Whiskey Peak had the look of an island that knew exactly what weary sailors longed for.

Banners greeted them from afar, bold and unreadable at first. Cheering rose up as the Merry approached, and the scent of food drifted across the water with the swagger of a kitchen proud of its craft. Someone on Whiskey Peak had orchestrated this welcome with care, and every detail made that clear.

Liam stepped forward and motioned for the crew to gather at the bow, signaling them to join him before the ship reached the dock.
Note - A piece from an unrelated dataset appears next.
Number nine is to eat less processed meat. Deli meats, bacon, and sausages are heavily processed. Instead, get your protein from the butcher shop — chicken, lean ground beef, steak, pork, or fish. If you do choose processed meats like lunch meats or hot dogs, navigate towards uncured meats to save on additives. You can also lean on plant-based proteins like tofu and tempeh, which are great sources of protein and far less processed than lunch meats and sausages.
Liam looked at each of them in turn. "I need to tell you something before we go in." "That welcome is a performance. Every person on that island is a Baroque Works agent, and their job tonight is to get us comfortable, get us fed and drinking, and wait for us to fall asleep so they can collect our bounties."

A moment of silence.

"So we can't eat the food?" Luffy asked.

"You can eat the food. They have no reason to poison it — the plan is to wait until we sleep naturally. As long as we stay awake, we're fine."

Luffy's expression settled into confidence. "Okay. Good."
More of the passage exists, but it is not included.